This is just a joke, so do not follow it seriously…
The very usual case in modern machine learning is as follows:
- design a model to describe the data, for example, suppose some kind of 2D points are generated along a quadratic curve y = a*x^2 + b*x + c, and
- design an algorithm that estimates the model parameters, in our case, a, b, and c, given a set of data (observations), x_1,y_1,x_2,y_2,…x_n,y_n.
- The model parameters can be used in some way, say, given a new x and predict its corresponding y.
So, when I was reading Prof. Feynman’s lecture notes, which mentions Cavendish experiment, I thought this experiment is some kind of “learning using machines” — using the specially designed equipment (machine), Cavendish measured the gravitational constant G in Newton’s law of universal gravitation:
F = G * m1 * m2 / r^2
And, using the estimated model parameter G, we can do somethings interesting.
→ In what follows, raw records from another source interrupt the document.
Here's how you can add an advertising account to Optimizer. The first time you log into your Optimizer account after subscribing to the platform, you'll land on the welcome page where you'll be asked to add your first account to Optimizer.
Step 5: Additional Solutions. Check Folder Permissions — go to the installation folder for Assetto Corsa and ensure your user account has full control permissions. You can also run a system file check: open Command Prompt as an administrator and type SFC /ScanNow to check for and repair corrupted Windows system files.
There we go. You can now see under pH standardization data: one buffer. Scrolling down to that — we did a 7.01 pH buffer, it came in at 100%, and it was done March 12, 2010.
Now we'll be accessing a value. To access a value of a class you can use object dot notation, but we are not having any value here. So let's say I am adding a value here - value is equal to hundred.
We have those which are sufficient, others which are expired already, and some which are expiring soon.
For example, measure the weight of the earth (by measuring the weight/gravity F of a known small ball m1, and put them back into the equation to get m2, the mass of earth).
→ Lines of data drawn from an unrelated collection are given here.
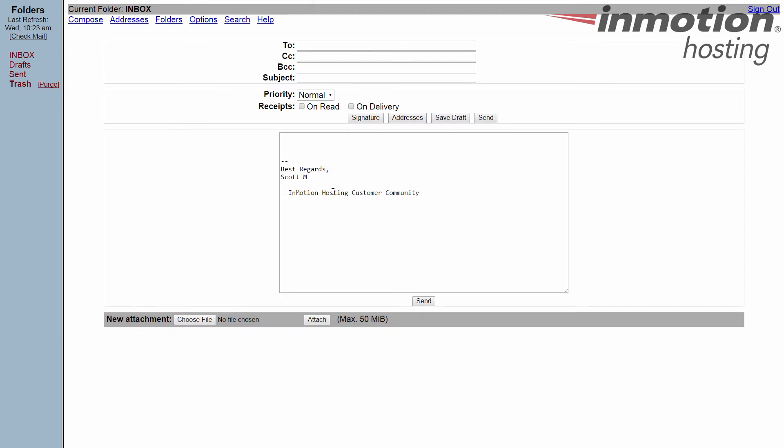There you see we have a blank body. I haven't put anything in there yet, but at the bottom it does have the signature that I just created, and there's that couple of dashes, that little separator we enabled.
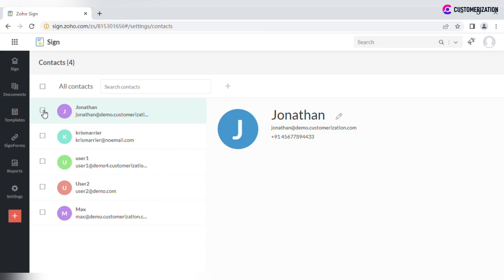To delete, check the corresponding contact from the list and click on the Delete icon next to the search bar at the top of your screen.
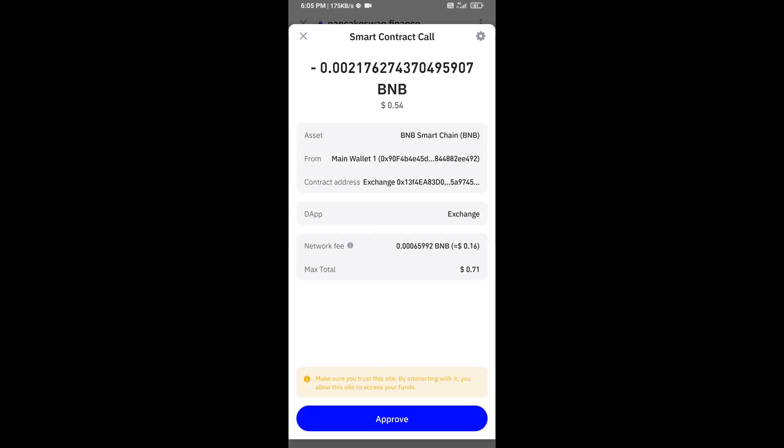Here you can check transaction details and network fee charges, and finally you will approve this transaction.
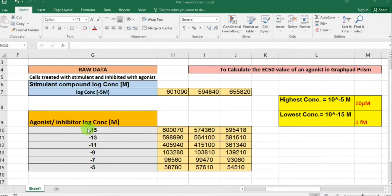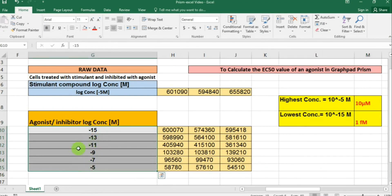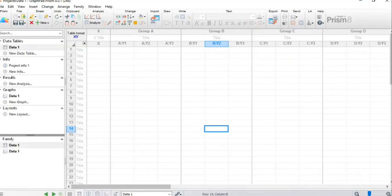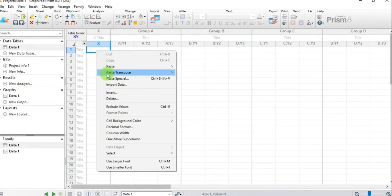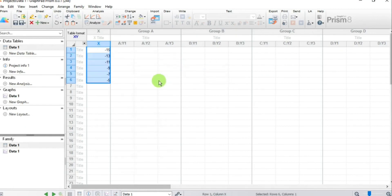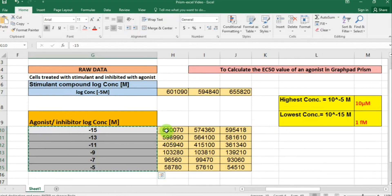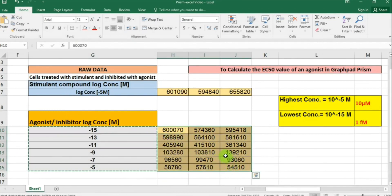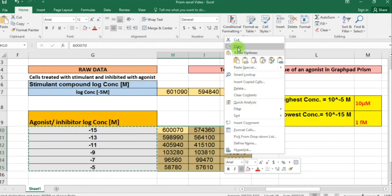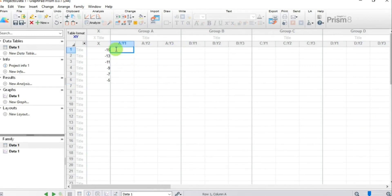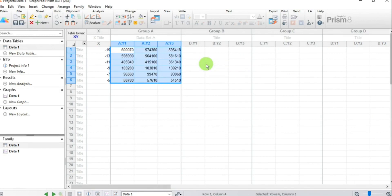Let's copy our X values — the log concentrations — from the Excel sheet, then open the Prism file, right-click, and paste the data. Our X values are now arranged in the X column. Now let's go back to Excel and copy the response values.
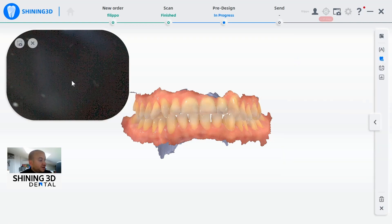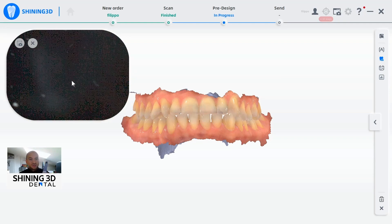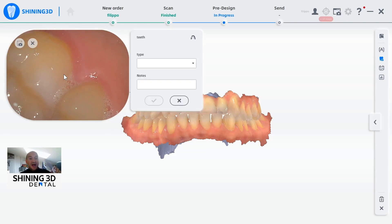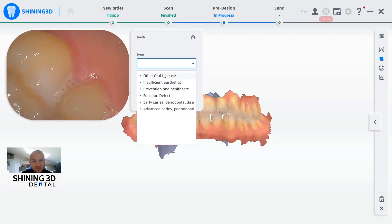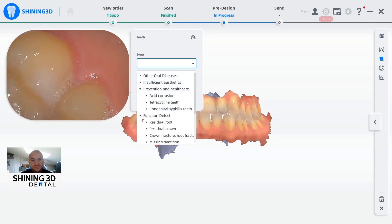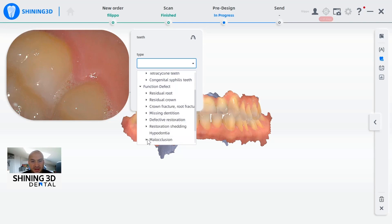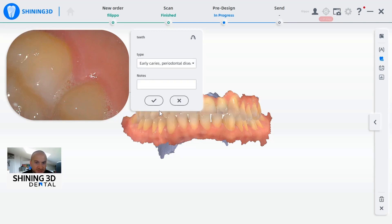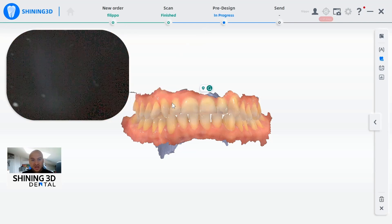We continue to have the endoscope tool available here in the oral health report. We can simply use the scanner as an endoscope in order to take pictures. By pressing the button on the scanner we can take a picture. We can choose between different options: function defect, insufficient aesthetics, and many more. There are a lot of sub-options we can choose in order to describe as precisely as possible what the doctor wants to highlight.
However, this is a joke as I said so you cannot use it in your lecture notes on machine learning. The fact was that Cavendish did not measure G as stated in many textbooks. Instead, he measures the earth directly by comparing (1) the force that a big ball with known mass attracts a small ball with (2) the force that the earth attracts the small ball. If the ratio (2)/(1) is N, then the earth is N times weight of the big ball.